Les grandes corrélations, qui forment le nœud de la doctrine, apparaissent ; il n’y a plus de contradiction entre liberté et nécessité, entre idéalisme et réalisme. Pour cette dernière opposition, il suffit, pour n’être plus arrêté par elle, de remarquer que tout l’esprit est en acte dans l’application de la pensée à un objet. C’est pourquoi Descartes ose dire, en contradiction directe avec la manière dont la philosophie couramment enseignée définit la déduction, que « c’est le propre de notre esprit, de former les propositions générales de la connaissance des particulières ». (Réponses aux Secondes Objections, IX, p. 111). Aussi se contente-t-il, dans les Regulae, pour expliquer les quatre opérations arithmétiques, de ces preuves intuitives que Poincaré a cru devoir remplacer par des raisonnements analytiques. C’est par cette vue concernant l’esprit que les idées claires et distinctes apparaissent comme infaillibles, et la science comme uniformément simple, claire et facile, si loin qu’elle s’étende. Car elle ne fait que créer des séries où chaque idée soit aussi facile à saisir d’après la précédente que la première par elle-même ; autrement dit il n’y a pas d’autre ordre que celui qui règle la suite des nombres, et fait qu’on pense mille aussi facilement que deux.

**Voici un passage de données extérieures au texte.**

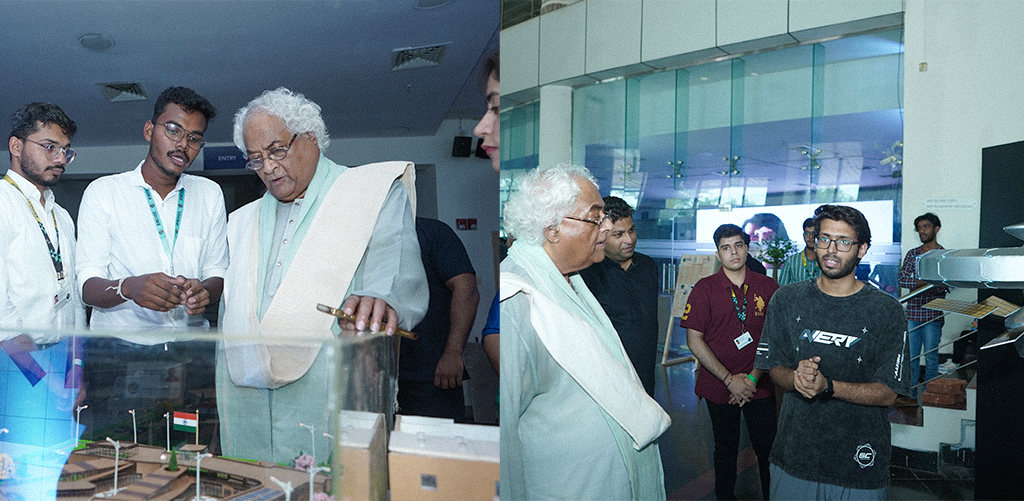 JD Institute students presenting Project BioDyne prototype, appreciated by Padma Bhushan Shri Rajeev Sethi.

Enfin l’on comprend que, conformément à cette même vue, lorsque l’esprit s’applique au monde, il prenne pour intermédiaires des figures géométriques et des signes algébriques, ou bien des sensations, c’est toujours le même esprit, le même monde, la même connaissance ; et c’est ce que Descartes, en tous ses écrits, fait assez clairement entendre.

Ce n’est pas que les idées formées au cours de cette hasardeuse reconstruction puissent prétendre à être les idées mêmes de Descartes, ou même à leur ressembler. Il suffit qu’une telle ébauche non pas même commente, mais permette seulement d’aborder à nouveau et plus fructueusement les textes mêmes. Aussi ne peut-on mieux la conclure qu’en invoquant, comme Descartes pour justifier sa Dioptrique, l’exemple des astronomes « qui, bien que leurs suppositions soient presque toutes fausses et incertaines, toutefois… ne laissent pas d’en tirer plusieurs connaissances très vraies et très assurées ».